Özel okula karar verdik. Nelere bakmalıyız?
Eğer özellikle “çocuğum olsun onu şu okula yollayacağım” gibi hedefiniz yoksa bütçenize uygun, evinize yakın olanlardan (bunun yağmuru var kışı var) görüşme ayarlıyorsunuz. Bazı okullar neredeyse bebek yaşta ön kayıt alıyormuş. Bize de istediğimiz okula zamanından iki sene önce başvurduğumuzda ön kayıt için bile yer olmadığı söylenmişti 🙂
Sınıf ortamı, aydınlık oluşu, tuvalet ve el yıkama yerlerin çocuklara uygunluğu, çalışır ve temiz oluşu (en önemli konumdur), kantini var mı, varsa kaç yaş grubu ulaşabiliyor, denetimi nasıl yürütülüyor, yemekhanesi ve beslenme listesi nasıl, büyüklerle küçükler birlikte mi yiyor, giriş çıkış ve oyun alanları kaç yaş gruplarına kadar ortak, servis var mı? Sonra eğitim yolculuğunun keyifli geçmesi için spor, sanat, bilim ve kültürel konulara yaklaşımları nasıl, ayrı atölyeler var mı, yeterli sayıda mı? Başarı tanımlarını dinlemek de farklı oluyor. Bazı okullar sadece yurtdışında geçen sertifikalarına odaklanmış durumda. Tavsiye ile seçtiğimiz okulun aile yapısının bize yakın olması da hoşumuza gitmişti. Okulda yaşantıyı görmek için farklı zamanlar da ziyaret etmiştik.
İyi insan yetiştirmek
Araştırmalarımızda belirli yaklaşımlar öğrenmiştik. En çok bilinen Montessori veya PYP sistemi gibi. Aslında temelde hedefleri aynı. Eğitimin içinde sadece verilenle şekillenen tek tip çocuk yerine kişilik özellikleriyle kendini ortaya koyan, sorgulayan, ifade eden, risk alan, düşünen, meraklı, iletişim kuran iyi insan yetiştirmek.

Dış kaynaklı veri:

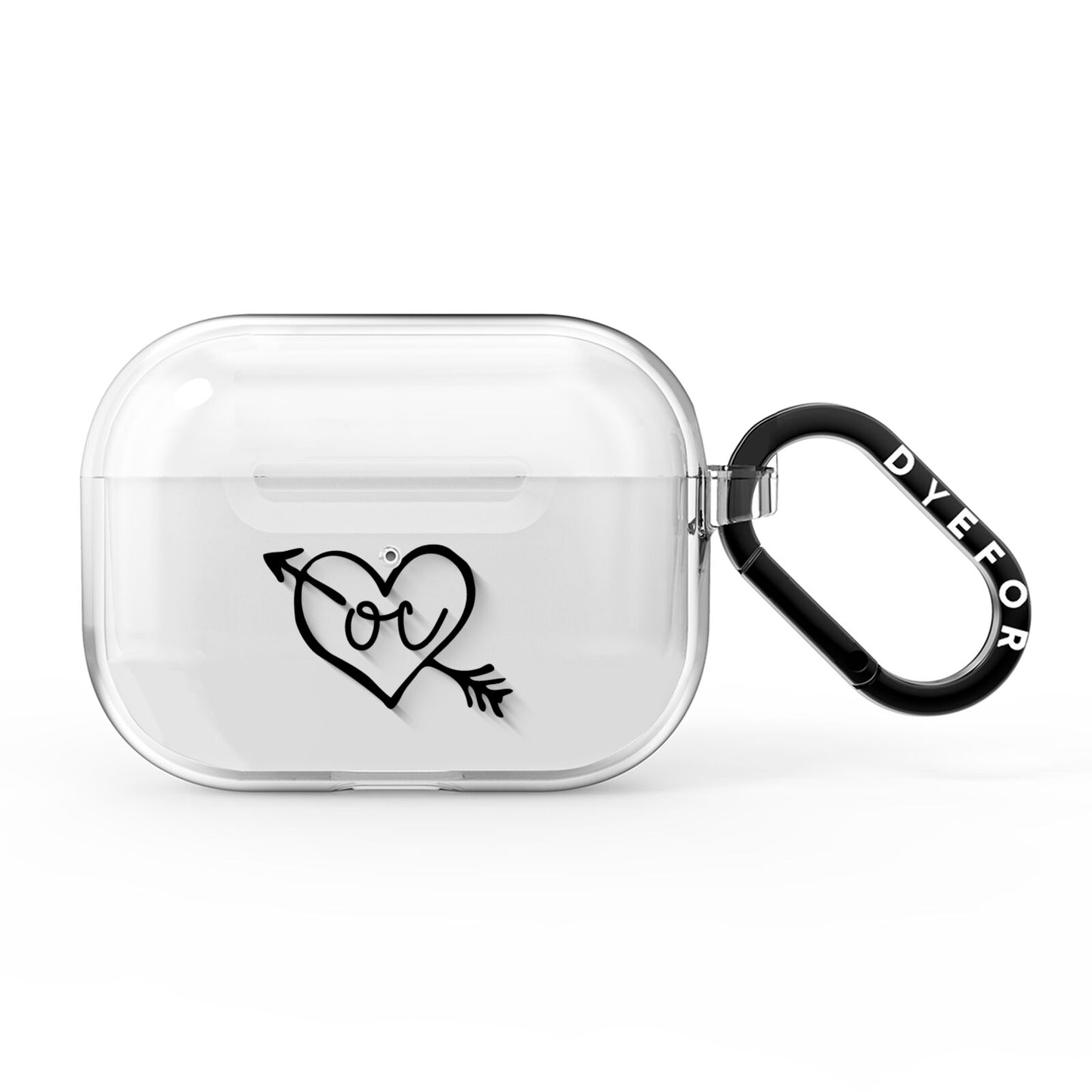 Personalised Black Initials Heart Arrow AirPods Pro Clear Case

Çocuklar korkmadan merak ettiklerini sormalı, inandıklarında emin olmalı, kendileri hakkında insanların ne düşündüğüne odaklanmak yerine kendini tanımalı, yaptığının tadını başarılarıyla birlikte çıkartmalı. Yapamadığında destek istemeli, çekinmeden ağlamalı, bol bol gülmeli ve bundan rahatsız olmamalı. Doğayı saatlerce izlemeli, resim yapmalı, en olmadık aktivitelere heves etmeli, sevmeli, sevildiğini bilmeli. Kendine ve canlılara değer vermeli, güvenmeli.

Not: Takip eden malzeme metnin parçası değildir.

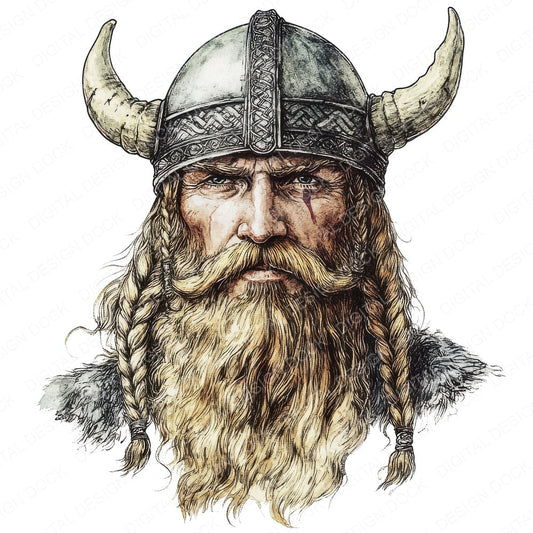Viking Portrait fussy cut sheet in US Letter format showing all 12 designs on one printable page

Bunları önemsiyorum çünkü; çok eskiden kızımın resim yaparken bulut mavi, çimen yeşil olur tarzı standart renkleri kullanmaya çalışması ve tüm dikkatini çizgileri taşırmama vermesini görünce acayip üzülmüştüm. Niye böyle oldu diye soruşturduğumda ‘küçük kas ve kordinasyonun gelişimi için yapıldığını’ öğrenmiştim. Öğretirken başka özellikleri aşağı çekip frenlemeden yapılmalı.
Her ortamda, her fırsatta eşe dosta tanıdık tanımadık ne düşündüklerini sormuştuk. Beni bir annenin verdiği örnek etkilemişti; ‘ilk çocuğumu özel okula yolladık. İkicisine bütçemiz yetmedi devlet okuluna yazdırdık. Küçük olan kızım abisinden çok daha başarılı, disiplinli. İngilizce eksiği vardı onu da kursa gönderdik’ demişti. Evet her çocuk farklıdır ve nasıl olursa olsun başarı tanımı karakteriyle şekillenir. İster devlet, ister özel okul. Hevesi olan her koşulda destek gördüğü sürece parlar.
Kendi gücünü ve değerini bilen, farkında, özgür ve mutlu çocuklar… kulağa nasıl geliyor bilmiyorum ama bunlara sahip yetişkin her şartta başarılı ve mutlu olur.
Son söz. Eğitimde fırsat eşitliği tüm çocukların hakkı.